Chi sale: su social, messaggistica e videochiamate

“A marzo – scrive l’esperto – Facebook ha fatto registrare 41 milioni di accessi unici da desktop (+43% su febbraio). Cresce anche Twitch, il sito di giochi in streaming, che totalizza 25 milioni di visite (+25%). L’app più scaricata è stata TikTok (oltre 1,6 milioni di volte, +50%) seguita da Instagram (oltre 1,1 milioni)”. Anche se confinati nelle loro case, gli italiani non rinunciano però ai rapporti sociali e a “chiacchierare”, seppur a distanza, con amici e parenti. Non sorprende che in queste settimane la chat preferita dagli italiani si confermi WhatsApp, unica a crescere in termini di tempo di utilizzo (55 minuti a persona). La chat più scaricata è Messenger (1,6 milioni di download a marzo), seguita da Telegram (1,5 milioni). Tra le principali novità del mese di marzo spicca sicuramente il debutto di Houseparty con 1 milione di download e una crescita di utenti giornalieri dell’8000%. Un gran numero di nostri connazionali si è avvicinato per la prima volta ad alcuni servizi digitali: ad esempio, riporta l’analisi, il 57% ha usato per la prima volta tool per la scuola da remoto e il 42% le videoconferenze per uso professionale (dato più alto rispetto a quello di Francia e Germania). Ma è alta anche la percentuale di chi, in questa situazione, si è avvicinato a corsi on line per tenere in forma sia il corpo sia la mente (rispettivamente 38% e 22%). Sul fronte dell’intrattenimento, Youtube stacca e di molto tutte le altre piattaforme simili.

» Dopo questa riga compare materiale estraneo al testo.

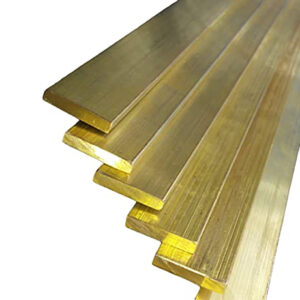 Brass flat bar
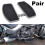 Motorcycle Floorboards Left Right Pair Universal 4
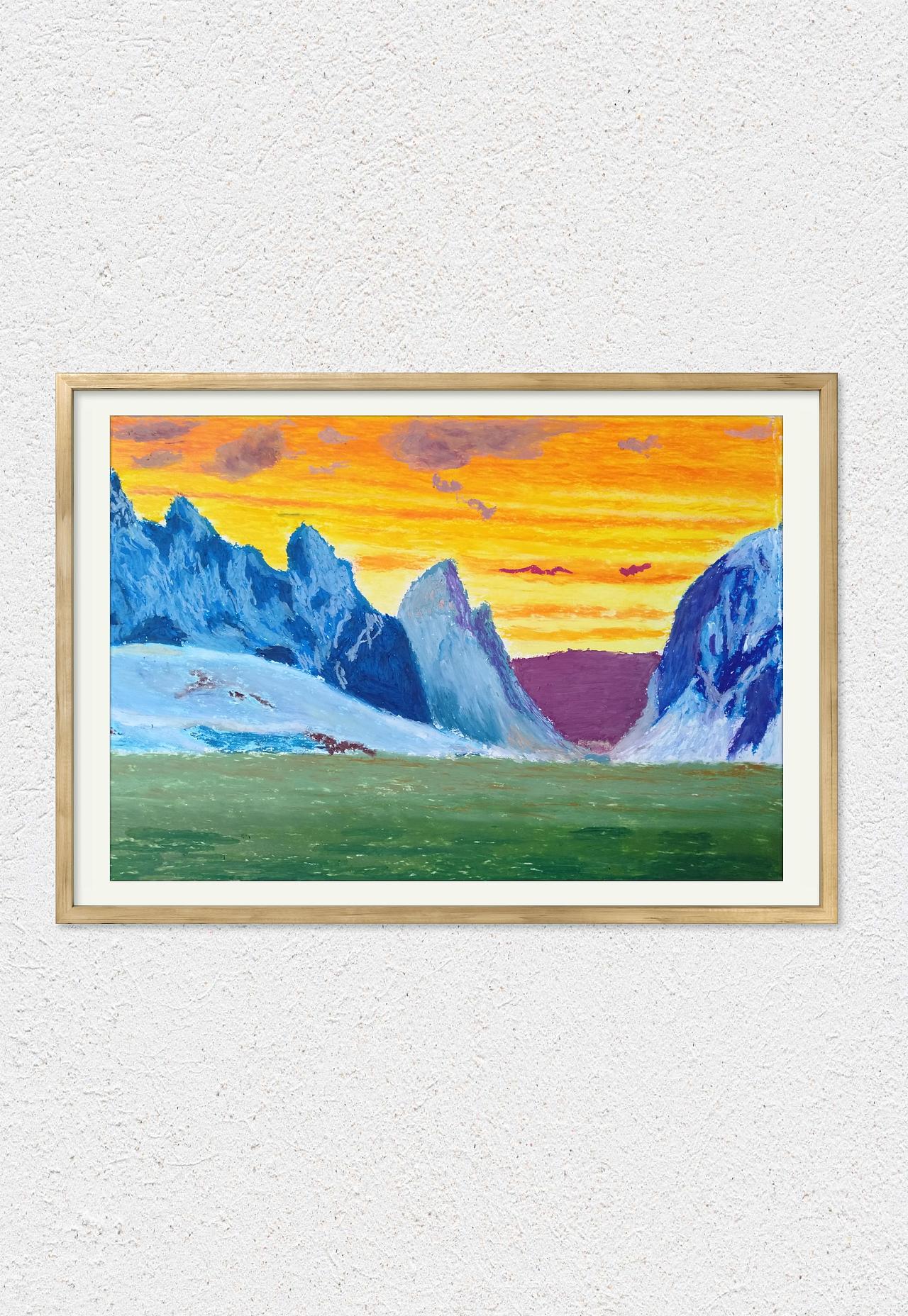 最近的色彩习作|纯艺术|绘画|天逸宝地_原创作品-站酷zcool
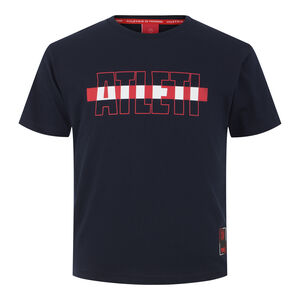 Camiseta Atleti Franja Azul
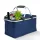 Bewello thermo összecsukható bevásárlókosár 21 L kék 49 x 28 x 25 cm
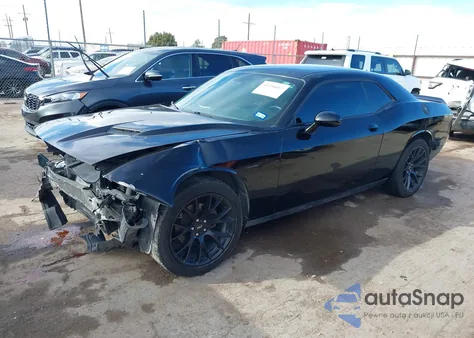 2019 Dodge Challenger Sxt from USA, damaged, VIN 2C3CDZAG8KH701597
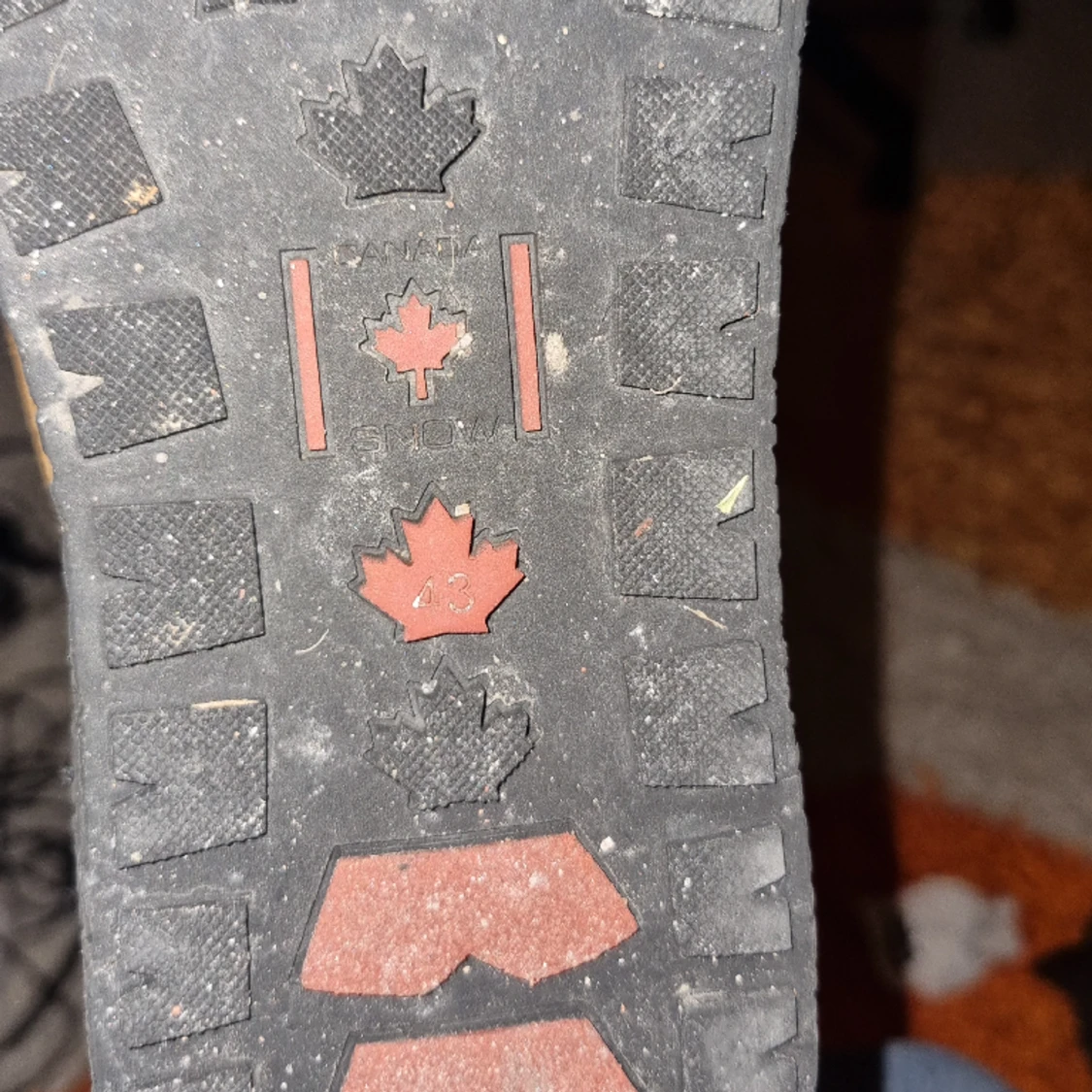 Canada snow skor  - 91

Videoconferenze, le app più scaricate

L’app per videoconferenze più scaricata dagli italiani è Zoom (oltre 2,3 milioni di volte) anche quella che ha subito il maggiore incremento di utenti giornalieri insieme a Hangouts Meet. Ma la più utilizzata dagli italiani resta Skype, usata quotidianamente da oltre 300.000 utenti Android, seguita da Zoom (120.000). L’esperto prefigura anche uno scenario di cosa accadrà quando potremo man mano ritornare alla nostra vita normale: “l’utilizzo di molti servizi si attenuerà, ma alcune abitudini rimarranno perché l’ostacolo psicologico all’utilizzo è stato rimosso, anche se forzatamente”.